*** Available data Section Begins ***
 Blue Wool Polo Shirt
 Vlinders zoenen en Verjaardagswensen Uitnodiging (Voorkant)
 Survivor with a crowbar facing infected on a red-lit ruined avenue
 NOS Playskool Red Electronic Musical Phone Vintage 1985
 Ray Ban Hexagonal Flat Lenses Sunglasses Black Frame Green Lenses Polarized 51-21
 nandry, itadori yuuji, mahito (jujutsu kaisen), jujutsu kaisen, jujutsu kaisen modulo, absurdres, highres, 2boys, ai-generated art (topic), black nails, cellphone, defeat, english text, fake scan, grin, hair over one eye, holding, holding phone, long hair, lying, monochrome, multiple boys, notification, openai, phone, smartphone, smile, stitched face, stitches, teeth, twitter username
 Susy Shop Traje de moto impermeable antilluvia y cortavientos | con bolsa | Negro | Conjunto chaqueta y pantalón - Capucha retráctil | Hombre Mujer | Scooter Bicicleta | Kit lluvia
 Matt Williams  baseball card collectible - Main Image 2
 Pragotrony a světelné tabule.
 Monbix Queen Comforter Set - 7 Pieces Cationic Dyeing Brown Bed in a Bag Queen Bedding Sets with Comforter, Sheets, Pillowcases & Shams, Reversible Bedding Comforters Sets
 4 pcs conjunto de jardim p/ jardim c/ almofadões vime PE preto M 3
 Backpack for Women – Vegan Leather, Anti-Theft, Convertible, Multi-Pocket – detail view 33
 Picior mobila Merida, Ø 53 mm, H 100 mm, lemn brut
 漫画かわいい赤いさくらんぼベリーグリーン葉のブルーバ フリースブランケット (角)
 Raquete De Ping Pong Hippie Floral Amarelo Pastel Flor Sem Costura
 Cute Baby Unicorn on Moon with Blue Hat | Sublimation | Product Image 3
*** Available data Section Ends ***
--- The task ---
In full and without alteration, transcribe the listing above.

--- Solution for this exercise ---
 Blue Wool Polo Shirt
 Vlinders zoenen en Verjaardagswensen Uitnodiging (Voorkant)
 Survivor with a crowbar facing infected on a red-lit ruined avenue
 NOS Playskool Red Electronic Musical Phone Vintage 1985
 Ray Ban Hexagonal Flat Lenses Sunglasses Black Frame Green Lenses Polarized 51-21
 nandry, itadori yuuji, mahito (jujutsu kaisen), jujutsu kaisen, jujutsu kaisen modulo, absurdres, highres, 2boys, ai-generated art (topic), black nails, cellphone, defeat, english text, fake scan, grin, hair over one eye, holding, holding phone, long hair, lying, monochrome, multiple boys, notification, openai, phone, smartphone, smile, stitched face, stitches, teeth, twitter username
 Susy Shop Traje de moto impermeable antilluvia y cortavientos | con bolsa | Negro | Conjunto chaqueta y pantalón - Capucha retráctil | Hombre Mujer | Scooter Bicicleta | Kit lluvia
 Matt Williams  baseball card collectible - Main Image 2
 Pragotrony a světelné tabule.
 Monbix Queen Comforter Set - 7 Pieces Cationic Dyeing Brown Bed in a Bag Queen Bedding Sets with Comforter, Sheets, Pillowcases & Shams, Reversible Bedding Comforters Sets
 4 pcs conjunto de jardim p/ jardim c/ almofadões vime PE preto M 3
 Backpack for Women – Vegan Leather, Anti-Theft, Convertible, Multi-Pocket – detail view 33
 Picior mobila Merida, Ø 53 mm, H 100 mm, lemn brut
 漫画かわいい赤いさくらんぼベリーグリーン葉のブルーバ フリースブランケット (角)
 Raquete De Ping Pong Hippie Floral Amarelo Pastel Flor Sem Costura
 Cute Baby Unicorn on Moon with Blue Hat | Sublimation | Product Image 3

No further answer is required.